Not long after 9/11, I enlisted in the United States Army. Eight years and two deployments later, my outlook on life grim, I opted to separate from the military. Rudderless, I enrolled at Bridgewater State University with the aim of completing an economics degree, and after some success, I was invited to an informational meeting with a member of Fulbright’s outreach team. Lured largely by the prospect of free pizza, I attended a meeting that would reset my life’s course.
As a freshman, I had taken a Canadian history course, and coupled with my complete lack of language skills, Canada seemed the strategic choice. Initially, I pitched a proposal that had me studying international exchange rates. I was assured that this was boring (even by economists’ standards) and told to go back to the drawing board. Not long after, the VA’s report outlining the frequency of veteran suicide was published. As a disabled veteran myself, I began to wonder what American tax dollars were getting us if they weren’t ensuring the safety and care of my fellow vets.
My Canadian history professor set me up with the Principal of the Royal Military College, and I put together a proposal whereby I would study federal spending on Canadian and American veterans. In addition, I proposed I augment my analytical skills (and thus my research) by taking a Master’s of Mathematics and Statistics from Queen’s University in Ontario.
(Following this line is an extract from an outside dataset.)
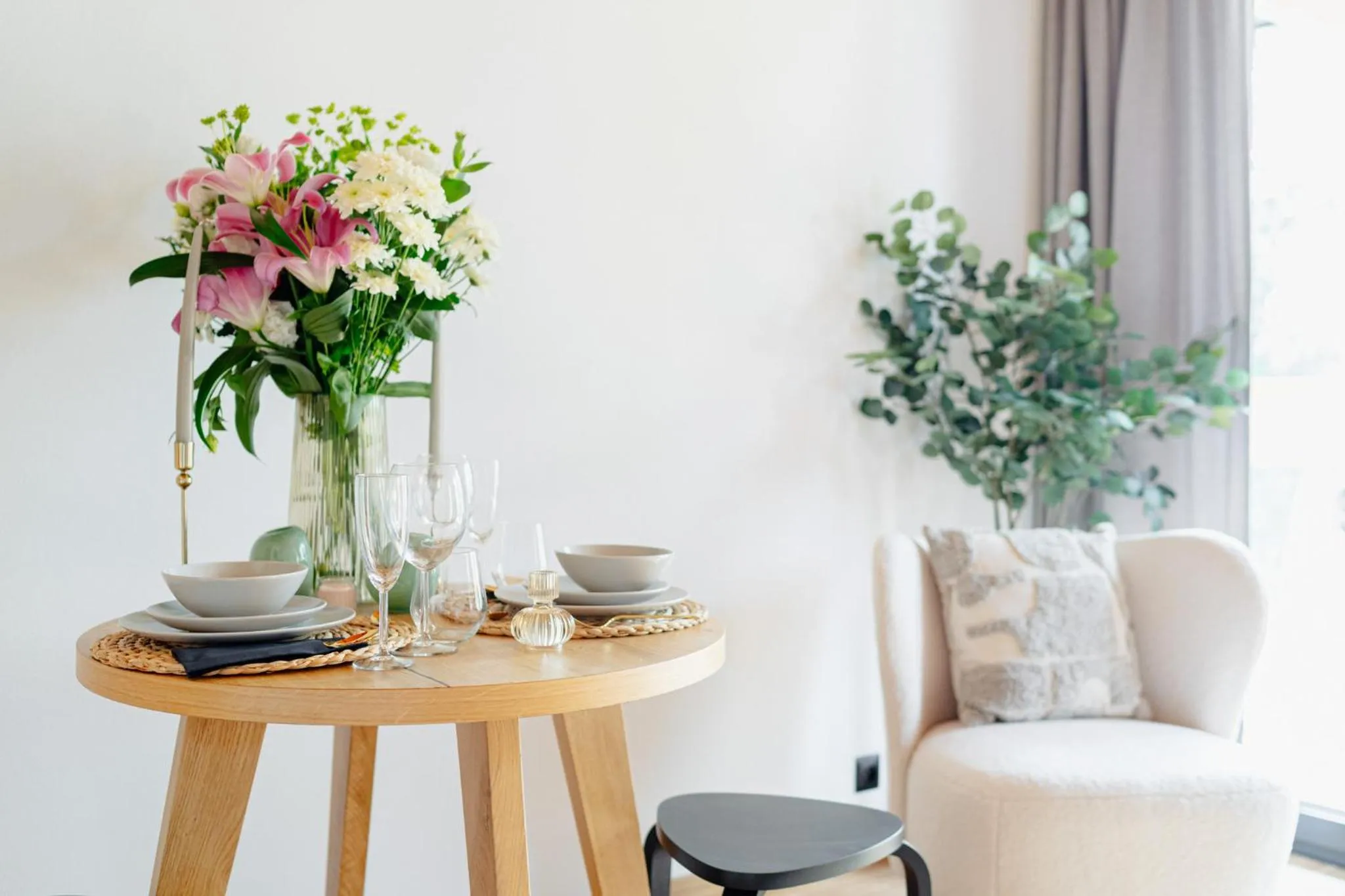 Dining area in White Hills - LoftAffair Spa Collection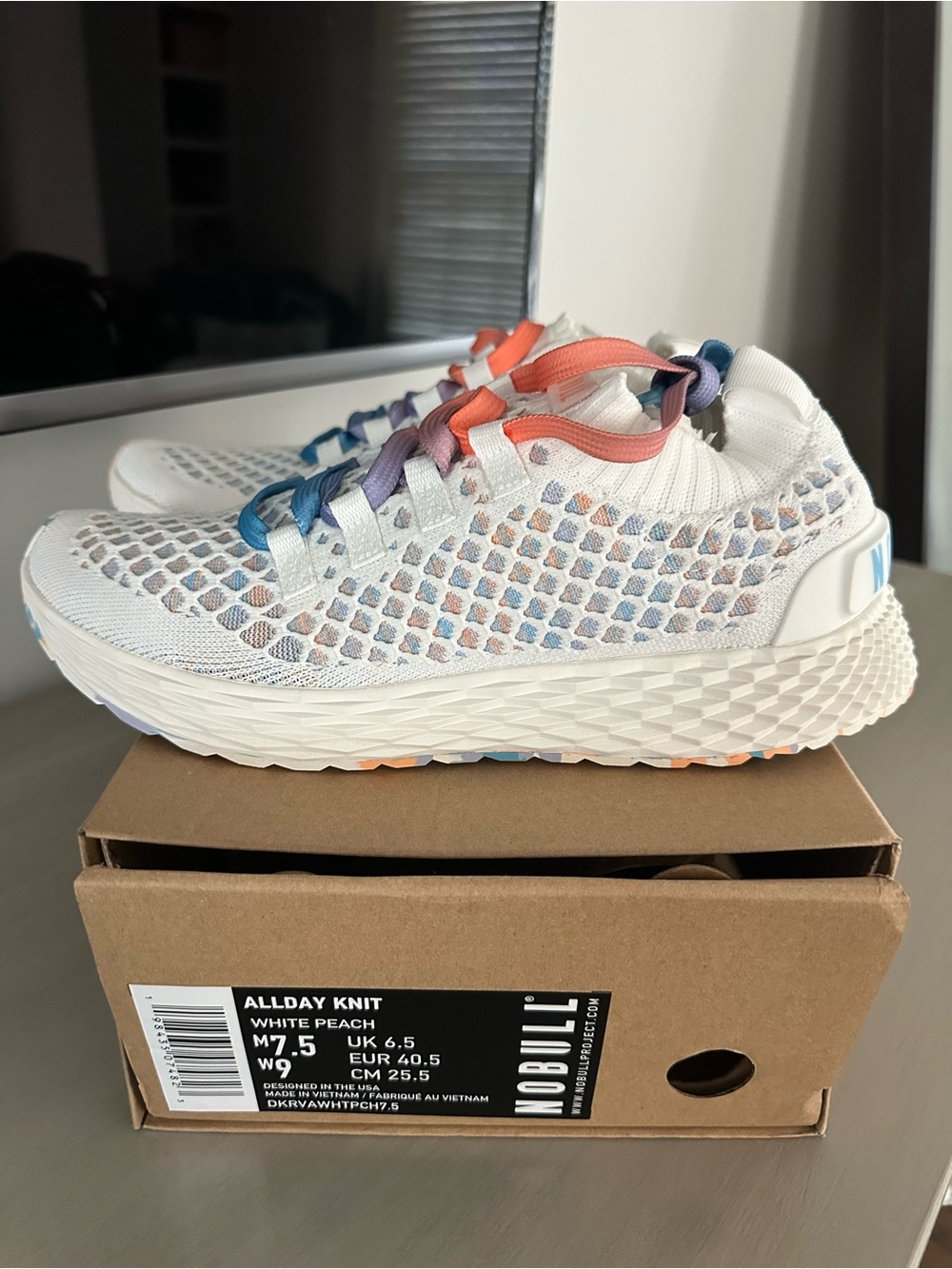 NOBULL Allday Knit trainers - White peach NIB W9/M7.5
I know now that living abroad, conducting research, and publishing peer-reviewed papers are the easy parts of completing a Fulbright grant, whereas the decision to apply is the most challenging part. It would involve uprooting my wife, asking her to take a leave from her career, but with her blessing I decided that rather than disqualify myself by not applying, I would force the U.S. Department of State to say no to me. I spent hours refining my statement and proposal, distilling my life story into just 500-words. I made concrete my most important values, creating a touchstone for the rest of my adult life. While many college graduates are stuck on the question of “What next?” I had direction and purpose.
Fulbright ultimately chose me as their ambassador. While in Ontario, I shared an office not just with Canadians, but with people from Iran, China, Germany, and Mexico. I conducted my research alongside Russian and Turkish statisticians. I met people I now count among my closest friends. I have since completed my master’s. My research was published, with follow-on publications forthcoming. I returned home and readily secured work in the private sector.
Through it all, I learned that I want to continue to serve the United States, in whatever role she demands. Because I have the capacity to serve, it is my responsibility to do so. This is why I chose to become a Fulbright U.S. Student Alumni Ambassador, as the emotional debt I owe Fulbright stands first in my mind. After having it broken by war, Fulbright did nothing short of rekindle my faith in the world.